In the years since, he has worked on the fun as hell Cannon God Exxaxion manga, and even worked on the anime Solty Rei, but the anime world is truly a different place without him. With that said, I’m sure there is a battery of artists amateur & professional, who regard his work as an influence.

So as to my favorite Sonoda design/character? That one as tough as it seems on the surface, the answer has been clear for many years my friends..(Yes, even I play this game)

Becky Farrah, of course!

Oh…What? You thought I’d forget?

Tatakae, minnasan!

Author: wintermuted

Part-time wandering artifact, part-time student, Wintermuted's travels from the wastelands of California's Coachella Valley have crystallized his love of all-things soulful & strange. A child of the VHS era, and often working for the anime man, his voyages continue onward in the name of bridging generations of Japanese popular art together. Can also be found via , as well as !

6 thoughts on “That’s Character: Where Is Kenichi Sonoda?

  1. So he’s worked on Solty Rei, eh? There’s something wonderfully comedic and unique about his designs that I have missed for many years.

    1. Oh, I so agree. There’s a great sense of play at work in his characters that reminds me of how less seriously we have to play the material, and to have some real fun with it. His occasional use of chubby figures is almost Disney-like, and helps sell the alternate reality.

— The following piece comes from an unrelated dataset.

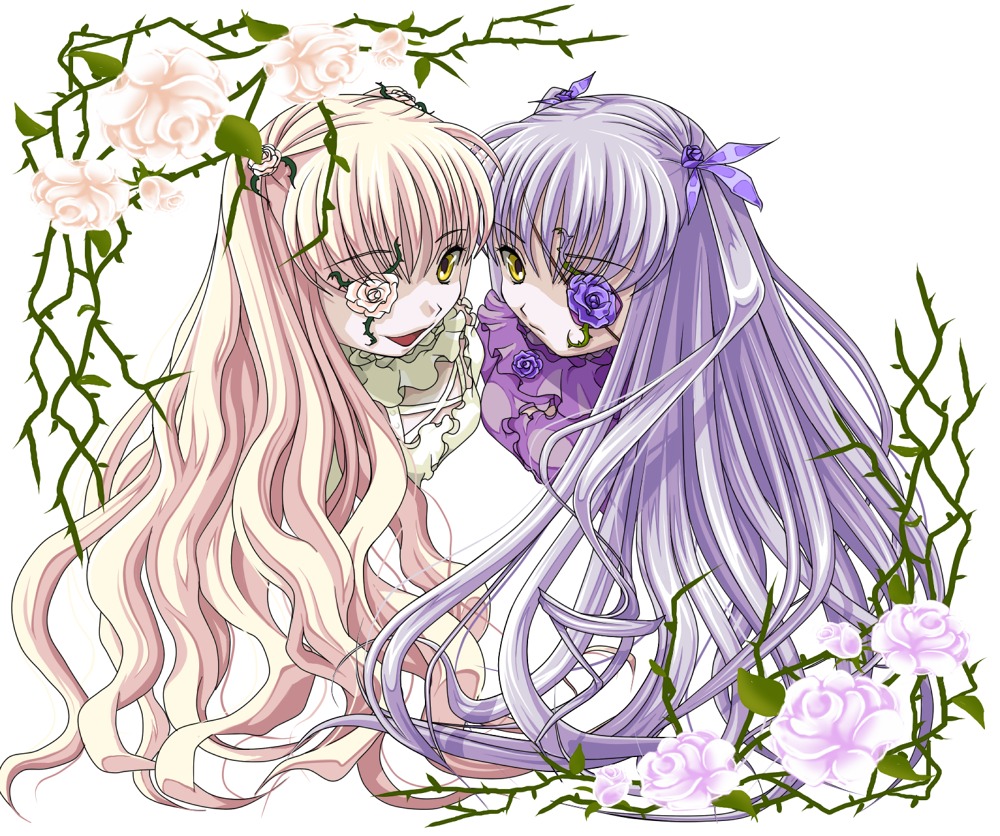 2girls barasuishou eyepatch flower image kirakishou long_hair multiple_girls pair pink_flower pink_rose plant purple_flower purple_rose rose thorns two_side_up very_long_hair vines white_rose yellow_eyes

  2. Yeah, I agree recent animes are highly standardized, though I like it since moe fits my taste. Over-uniformity is a unique trait of the Japanese culture.

    Did Gunsmith Cats inspire Cowboy Bebop? The OP looks similar. Very Chicagonian jazz. And bounty hunters.

    It’s interesting to see Chicago politics in the anime. A corrupt Illinois state senator. Recently they had Blago, and now people from Chicago politics are running the country. How strange. Sonoda had premonition, the future of how America looks.

  3. The funny part of this LaMoe, is that I remember reading a story from Carl Horn, where he recalls back in the early 90s, when he, Toren Smith and pals met up with Sonoda, Sadamoto Yoshiyuki, and Yamaga Hiroyuki (that’s right, early GAINAX) upon their visit to San Francisco for not only a con visit, but to research the US for Gunsmith Cats. And I’m guessing they had their fill of horror stories about American political corruption. (Marion Barry, anyone?)They also had a chance to check out a firing range, which I’m sure Sonoda ate up like a happy tyke.:) Sonoda’s an amazing artist with a love for details that compliment the action of speed lines.

  4. That’s amazing. The extensive field research is what made Gunsmith great, hu? No wonder Gunsmith Cats is really detailed. Thanks for sharing an interesting behind the scene episode.